**LISTED ENTRIES:**
--------

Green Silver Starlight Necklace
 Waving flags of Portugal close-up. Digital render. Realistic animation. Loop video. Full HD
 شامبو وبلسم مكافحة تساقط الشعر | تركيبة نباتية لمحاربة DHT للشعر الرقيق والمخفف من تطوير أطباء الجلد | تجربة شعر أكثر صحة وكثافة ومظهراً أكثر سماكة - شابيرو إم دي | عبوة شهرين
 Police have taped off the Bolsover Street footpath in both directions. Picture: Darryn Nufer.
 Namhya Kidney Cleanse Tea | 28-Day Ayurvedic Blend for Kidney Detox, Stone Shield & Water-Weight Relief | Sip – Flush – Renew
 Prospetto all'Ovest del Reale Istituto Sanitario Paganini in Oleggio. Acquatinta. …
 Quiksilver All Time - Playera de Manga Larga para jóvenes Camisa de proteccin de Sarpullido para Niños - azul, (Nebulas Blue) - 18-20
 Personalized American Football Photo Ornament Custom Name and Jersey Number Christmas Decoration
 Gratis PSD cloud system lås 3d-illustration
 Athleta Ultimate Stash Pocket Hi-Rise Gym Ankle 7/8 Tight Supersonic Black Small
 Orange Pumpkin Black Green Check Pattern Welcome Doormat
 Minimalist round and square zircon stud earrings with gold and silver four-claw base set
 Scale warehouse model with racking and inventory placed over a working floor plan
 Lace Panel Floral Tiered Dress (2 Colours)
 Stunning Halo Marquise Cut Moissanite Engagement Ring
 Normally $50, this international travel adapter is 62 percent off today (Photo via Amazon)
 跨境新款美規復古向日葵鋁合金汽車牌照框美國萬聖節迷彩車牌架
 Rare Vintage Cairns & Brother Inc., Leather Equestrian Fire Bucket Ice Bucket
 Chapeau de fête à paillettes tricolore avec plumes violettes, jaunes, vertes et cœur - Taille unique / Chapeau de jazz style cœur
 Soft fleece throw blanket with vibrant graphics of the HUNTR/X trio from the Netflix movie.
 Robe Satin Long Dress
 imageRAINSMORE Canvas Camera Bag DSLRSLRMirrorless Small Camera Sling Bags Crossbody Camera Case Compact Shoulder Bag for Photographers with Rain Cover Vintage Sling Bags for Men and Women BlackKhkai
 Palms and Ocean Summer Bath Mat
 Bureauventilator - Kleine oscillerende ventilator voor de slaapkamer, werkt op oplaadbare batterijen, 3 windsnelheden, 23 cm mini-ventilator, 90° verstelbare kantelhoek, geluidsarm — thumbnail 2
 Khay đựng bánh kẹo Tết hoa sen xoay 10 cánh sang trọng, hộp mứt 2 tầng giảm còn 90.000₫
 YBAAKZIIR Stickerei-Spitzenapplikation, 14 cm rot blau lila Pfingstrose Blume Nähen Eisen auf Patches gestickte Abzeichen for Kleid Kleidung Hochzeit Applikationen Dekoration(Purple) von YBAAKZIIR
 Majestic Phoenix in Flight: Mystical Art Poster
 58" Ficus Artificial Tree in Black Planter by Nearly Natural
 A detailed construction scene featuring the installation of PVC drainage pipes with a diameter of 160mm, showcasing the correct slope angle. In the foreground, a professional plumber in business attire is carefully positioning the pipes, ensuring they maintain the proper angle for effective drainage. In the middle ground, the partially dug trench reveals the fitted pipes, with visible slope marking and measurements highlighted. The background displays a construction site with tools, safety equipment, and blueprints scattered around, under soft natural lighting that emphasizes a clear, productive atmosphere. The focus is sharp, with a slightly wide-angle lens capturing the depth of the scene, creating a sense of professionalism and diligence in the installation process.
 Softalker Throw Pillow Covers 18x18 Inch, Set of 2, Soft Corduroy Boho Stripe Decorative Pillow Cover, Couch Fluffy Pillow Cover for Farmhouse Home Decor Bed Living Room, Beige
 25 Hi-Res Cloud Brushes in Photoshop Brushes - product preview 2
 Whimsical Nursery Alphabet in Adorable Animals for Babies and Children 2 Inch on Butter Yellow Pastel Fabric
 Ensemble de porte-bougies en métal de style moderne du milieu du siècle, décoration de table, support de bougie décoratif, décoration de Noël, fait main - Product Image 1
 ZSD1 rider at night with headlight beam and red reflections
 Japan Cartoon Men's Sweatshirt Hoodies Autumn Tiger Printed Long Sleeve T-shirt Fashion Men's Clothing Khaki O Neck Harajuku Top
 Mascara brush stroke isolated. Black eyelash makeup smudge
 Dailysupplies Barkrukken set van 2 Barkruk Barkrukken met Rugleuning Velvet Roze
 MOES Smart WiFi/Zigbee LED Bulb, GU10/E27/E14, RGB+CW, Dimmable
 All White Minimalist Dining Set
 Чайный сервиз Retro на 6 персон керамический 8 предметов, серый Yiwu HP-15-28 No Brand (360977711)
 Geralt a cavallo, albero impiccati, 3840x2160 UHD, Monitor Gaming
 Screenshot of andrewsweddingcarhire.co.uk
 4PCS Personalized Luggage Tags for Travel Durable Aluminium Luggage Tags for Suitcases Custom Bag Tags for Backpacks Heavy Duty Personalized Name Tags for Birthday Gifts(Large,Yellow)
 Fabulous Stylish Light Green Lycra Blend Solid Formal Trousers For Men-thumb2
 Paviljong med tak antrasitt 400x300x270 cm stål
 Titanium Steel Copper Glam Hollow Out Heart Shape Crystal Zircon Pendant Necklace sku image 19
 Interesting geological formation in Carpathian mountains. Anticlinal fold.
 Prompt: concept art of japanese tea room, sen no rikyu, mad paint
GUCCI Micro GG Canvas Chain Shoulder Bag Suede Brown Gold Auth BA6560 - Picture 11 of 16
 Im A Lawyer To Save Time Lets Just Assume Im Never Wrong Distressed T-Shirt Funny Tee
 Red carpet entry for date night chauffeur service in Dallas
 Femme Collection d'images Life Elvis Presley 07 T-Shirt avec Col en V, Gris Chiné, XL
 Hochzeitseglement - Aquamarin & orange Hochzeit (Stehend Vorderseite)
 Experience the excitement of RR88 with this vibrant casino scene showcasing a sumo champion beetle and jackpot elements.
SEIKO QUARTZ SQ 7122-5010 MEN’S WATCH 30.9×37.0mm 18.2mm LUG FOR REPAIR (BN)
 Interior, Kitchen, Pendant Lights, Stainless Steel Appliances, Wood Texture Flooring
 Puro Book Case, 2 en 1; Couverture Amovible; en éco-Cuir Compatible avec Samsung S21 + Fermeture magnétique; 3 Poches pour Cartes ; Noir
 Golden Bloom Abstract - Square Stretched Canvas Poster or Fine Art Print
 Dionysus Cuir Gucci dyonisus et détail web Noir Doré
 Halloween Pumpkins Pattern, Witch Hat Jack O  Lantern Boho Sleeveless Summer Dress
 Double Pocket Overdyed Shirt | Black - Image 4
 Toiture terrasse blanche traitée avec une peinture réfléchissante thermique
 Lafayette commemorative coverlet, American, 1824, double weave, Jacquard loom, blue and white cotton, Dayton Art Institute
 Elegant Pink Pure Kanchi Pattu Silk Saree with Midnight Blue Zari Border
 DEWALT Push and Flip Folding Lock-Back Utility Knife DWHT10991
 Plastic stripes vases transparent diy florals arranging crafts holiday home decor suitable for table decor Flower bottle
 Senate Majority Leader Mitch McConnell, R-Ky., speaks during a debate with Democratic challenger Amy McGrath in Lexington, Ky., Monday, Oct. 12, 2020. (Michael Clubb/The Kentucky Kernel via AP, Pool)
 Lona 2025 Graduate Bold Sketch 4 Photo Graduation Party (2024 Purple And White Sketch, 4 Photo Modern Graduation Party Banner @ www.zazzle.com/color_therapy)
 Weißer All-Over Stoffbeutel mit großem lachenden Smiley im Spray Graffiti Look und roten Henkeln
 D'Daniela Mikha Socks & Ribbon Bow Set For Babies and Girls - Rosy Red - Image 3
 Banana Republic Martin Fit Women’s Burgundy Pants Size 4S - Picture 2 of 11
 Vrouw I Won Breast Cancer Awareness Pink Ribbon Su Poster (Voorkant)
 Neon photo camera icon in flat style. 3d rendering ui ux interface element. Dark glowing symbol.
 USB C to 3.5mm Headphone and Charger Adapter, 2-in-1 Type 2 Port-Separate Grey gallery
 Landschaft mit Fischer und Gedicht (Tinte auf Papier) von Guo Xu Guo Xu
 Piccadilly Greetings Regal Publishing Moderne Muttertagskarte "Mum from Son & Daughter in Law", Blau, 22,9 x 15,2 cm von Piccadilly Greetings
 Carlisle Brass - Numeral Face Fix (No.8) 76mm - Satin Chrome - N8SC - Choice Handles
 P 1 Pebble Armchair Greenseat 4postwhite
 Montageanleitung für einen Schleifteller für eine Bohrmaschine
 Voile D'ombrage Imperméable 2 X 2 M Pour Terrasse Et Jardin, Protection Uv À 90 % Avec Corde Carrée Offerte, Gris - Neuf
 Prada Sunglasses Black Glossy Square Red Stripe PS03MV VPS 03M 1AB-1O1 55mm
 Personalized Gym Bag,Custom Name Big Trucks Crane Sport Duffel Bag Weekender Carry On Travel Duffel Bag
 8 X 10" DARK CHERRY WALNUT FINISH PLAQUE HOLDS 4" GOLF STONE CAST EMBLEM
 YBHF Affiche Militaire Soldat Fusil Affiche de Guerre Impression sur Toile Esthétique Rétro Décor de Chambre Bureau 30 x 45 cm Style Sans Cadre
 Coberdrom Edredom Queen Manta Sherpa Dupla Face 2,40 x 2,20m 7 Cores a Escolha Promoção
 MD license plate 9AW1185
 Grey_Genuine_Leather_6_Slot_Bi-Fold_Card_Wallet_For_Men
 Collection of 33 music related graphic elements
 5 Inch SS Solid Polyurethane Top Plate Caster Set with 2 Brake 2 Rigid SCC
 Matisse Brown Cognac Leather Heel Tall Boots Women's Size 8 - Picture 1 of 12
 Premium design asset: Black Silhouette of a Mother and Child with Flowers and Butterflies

--------

**WHAT IS BEING ASKED:**
Within the material above, transcribe exactly the lines that run from the line holding "Majestic Phoenix in" through the line holding "by Nearly Natural".

**SOLVED EXERCISE:**
 Majestic Phoenix in Flight: Mystical Art Poster
 58" Ficus Artificial Tree in Black Planter by Nearly Natural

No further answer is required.